Ideally, the Science DMZ is connected directly to the border router in order to minimize the number of devices that must be configured to support high-performance data transfer and other scientific applications.  Achieving high performance is very difficult to do with system and network device configuration defaults, and the location of the Science DMZ at the site perimeter simplifies the system and network tuning processes.  Also, if there is a performance problem, it is much easier to troubleshoot a handful of devices rather than a large general-purpose LAN infrastructure.

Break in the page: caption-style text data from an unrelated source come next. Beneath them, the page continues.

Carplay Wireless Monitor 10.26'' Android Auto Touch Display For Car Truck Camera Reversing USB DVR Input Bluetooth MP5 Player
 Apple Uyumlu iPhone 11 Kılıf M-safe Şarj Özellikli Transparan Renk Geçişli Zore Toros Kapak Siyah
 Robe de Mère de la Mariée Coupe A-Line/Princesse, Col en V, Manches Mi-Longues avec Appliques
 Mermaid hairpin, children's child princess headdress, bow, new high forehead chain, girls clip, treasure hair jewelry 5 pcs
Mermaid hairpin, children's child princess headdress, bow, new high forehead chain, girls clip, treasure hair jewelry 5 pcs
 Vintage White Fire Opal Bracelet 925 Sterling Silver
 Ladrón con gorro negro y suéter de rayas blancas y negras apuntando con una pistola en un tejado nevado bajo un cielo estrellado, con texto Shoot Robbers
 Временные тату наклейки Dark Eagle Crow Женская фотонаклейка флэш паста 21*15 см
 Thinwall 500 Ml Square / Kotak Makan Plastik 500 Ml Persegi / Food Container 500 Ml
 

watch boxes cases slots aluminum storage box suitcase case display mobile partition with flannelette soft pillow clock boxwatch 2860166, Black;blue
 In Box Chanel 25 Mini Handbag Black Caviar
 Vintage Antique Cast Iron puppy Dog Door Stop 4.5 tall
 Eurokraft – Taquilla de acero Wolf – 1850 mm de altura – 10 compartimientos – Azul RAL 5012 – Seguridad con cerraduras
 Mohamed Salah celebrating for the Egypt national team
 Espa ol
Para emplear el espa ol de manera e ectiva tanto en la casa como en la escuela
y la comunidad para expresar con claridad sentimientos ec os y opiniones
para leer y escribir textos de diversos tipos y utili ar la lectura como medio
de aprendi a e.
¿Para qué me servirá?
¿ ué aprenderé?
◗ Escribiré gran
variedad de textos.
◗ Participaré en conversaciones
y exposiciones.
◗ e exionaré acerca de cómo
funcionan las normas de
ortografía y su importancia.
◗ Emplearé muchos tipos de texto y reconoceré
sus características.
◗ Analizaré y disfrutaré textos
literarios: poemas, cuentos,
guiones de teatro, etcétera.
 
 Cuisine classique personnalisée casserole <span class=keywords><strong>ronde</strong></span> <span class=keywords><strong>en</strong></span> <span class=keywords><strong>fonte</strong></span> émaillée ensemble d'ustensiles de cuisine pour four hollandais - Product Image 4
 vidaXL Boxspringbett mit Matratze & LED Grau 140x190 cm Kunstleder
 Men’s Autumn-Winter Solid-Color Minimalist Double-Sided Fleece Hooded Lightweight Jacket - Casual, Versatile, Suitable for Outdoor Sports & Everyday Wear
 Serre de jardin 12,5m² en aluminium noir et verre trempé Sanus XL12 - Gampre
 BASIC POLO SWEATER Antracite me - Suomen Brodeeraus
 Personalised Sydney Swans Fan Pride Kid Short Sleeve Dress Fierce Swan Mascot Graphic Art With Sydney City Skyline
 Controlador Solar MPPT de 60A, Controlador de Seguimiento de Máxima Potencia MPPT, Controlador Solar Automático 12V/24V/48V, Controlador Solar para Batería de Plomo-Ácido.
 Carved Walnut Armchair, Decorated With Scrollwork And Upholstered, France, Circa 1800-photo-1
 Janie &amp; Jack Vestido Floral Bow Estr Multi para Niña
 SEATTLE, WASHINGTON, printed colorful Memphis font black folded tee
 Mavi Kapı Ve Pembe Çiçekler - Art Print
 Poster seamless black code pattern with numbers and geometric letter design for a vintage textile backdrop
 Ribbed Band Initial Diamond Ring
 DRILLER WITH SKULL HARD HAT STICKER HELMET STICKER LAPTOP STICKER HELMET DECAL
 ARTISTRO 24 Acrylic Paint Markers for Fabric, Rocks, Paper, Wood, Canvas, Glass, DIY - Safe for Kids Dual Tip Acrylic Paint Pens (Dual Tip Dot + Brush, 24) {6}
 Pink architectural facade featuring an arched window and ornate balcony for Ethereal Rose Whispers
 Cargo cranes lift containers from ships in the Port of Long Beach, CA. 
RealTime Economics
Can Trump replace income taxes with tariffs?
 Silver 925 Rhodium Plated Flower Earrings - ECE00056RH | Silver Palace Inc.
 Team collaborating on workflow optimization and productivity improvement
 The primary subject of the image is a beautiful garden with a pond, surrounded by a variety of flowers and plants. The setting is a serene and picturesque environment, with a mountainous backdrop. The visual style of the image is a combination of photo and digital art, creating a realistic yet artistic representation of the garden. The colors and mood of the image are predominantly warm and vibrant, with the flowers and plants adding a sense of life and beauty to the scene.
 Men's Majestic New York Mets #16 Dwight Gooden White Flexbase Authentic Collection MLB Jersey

Simple Science DMZ Diagram

A simple Science DMZ has several essential components.  These include dedicated access to high-performance wide area networks and advanced services infrastructures, high-performance network equipment, and dedicated science resources such as Data Transfer Nodes.  A notional diagram of a simple Science DMZ showing these components, along with data paths, is shown below:

science dmz simple path v12

The essential components and a simple architecture for a Science DMZ are shown in the Figure above. The Data Transfer Node (DTN) is connected directly to a high-performance Science DMZ switch or router, which is connected directly to the border router. The DTN’s job is to efficiently and effectively move science data to and from remote sites and facilities, and everything in the Science DMZ is aimed at this goal. The security policy enforcement for the DTN is done using access control lists on the Science DMZ switch or router, not on a separate firewall.

Data transfers from offsite to the DTN only need to traverse two network devices - the border router and the Science DMZ switch/router (green path). This means that the high-latency or long-distance part of the data transfer traverses a small number of high-quality devices which are specifically engineered for performance.

If data needs to be transferred from the DTN to a device within the local site, the latency is small and the impact of performance problems caused by the enterprise firewall will be less (red path).

Supercomputer Center Network

The notional diagram below illustrates a simplified supercomputer center network.  While this may not look much like the simple Science DMZ diagram above, the same principles are used in its design.

science dmz HPC v12

In the case of the supercomputer center network, the vast majority of the network infrastructure is what one might call the Science DMZ.  It is built to handle high-rate data flows without packet loss, and designed to allow easy troubleshooting and fault isolation. Test and measurement is integrated into the infrastructure from the beginning, so that problems can be located and resolved quickly, regardless of whether the local infrastructure is at fault.  Note also that access to the parallel filesystem by wide area data transfers is via data transfer nodes that are dedicated to wide area data transfer tasks.  When data sets are transferred to the DTN and written to the parallel filesystem, the data are immediately available on the supercomputer resources without the need for double-copying the data.  However, all the advantages of a DTN - dedicated hosts, proper tools, and correct configuration - are preserved.

Big Data Site

For sites that handle very large data volumes (e.g. for big experiments such as the LHC), individual data transfer nodes are not enough.  These sites deploy data transfer clusters, and these groups of machines serve data from multi-petabyte data stores.  Still, however, the principles of the Science DMZ apply - dedicated systems are used for data transfer, and the path to the wide area is clean, simple, and easy to troubleshoot.  Test and measurement are integrated in multiple locations to enable fault isolation.  This network is similar to the supercomputer center example in that the wide area data path covers the entire network front-end.

science dmz big data path v12

This network has redundant connections to the research network backbone.The business portion of the network takes advantage of the high-capacity redundant infrastructure deployed for serving science data, and deploys redundant firewalls to ensure uptime.  However, the science data flows do not traverse these devices - appropriate security controls for the data service are implemented in the routing and switching plane.  This is done both to keep the firewalls from causing performance problems and because the extremely high data rates (tens of gigabits to hundreds of gigabits per second) are beyond the capacity of firewall hardware.

These examples illustrate the flexibility and utility of the Science DMZ principles.  In general, high-performance science applications can succeed in a Science DMZ where they might have difficulty achieving the necessary performance in a general-purpose network.

Regional Science DMZ "Interchange"

Regional networks serve a critical role in the Science DMZ ecosystem by connecting independent Campus networks to each other.  An "interchange" model can be constructed that allows the regional to:

  • Connect Science DMZs to the traditional, or a specialized (e.g. VRF), network infrastructure
  • Offer Science DMZ services (e.g. managed Switches, DTNs, security infrastructure, or different classes of service)
  • Coordinate access to national and international destinations through limited announcements and routing.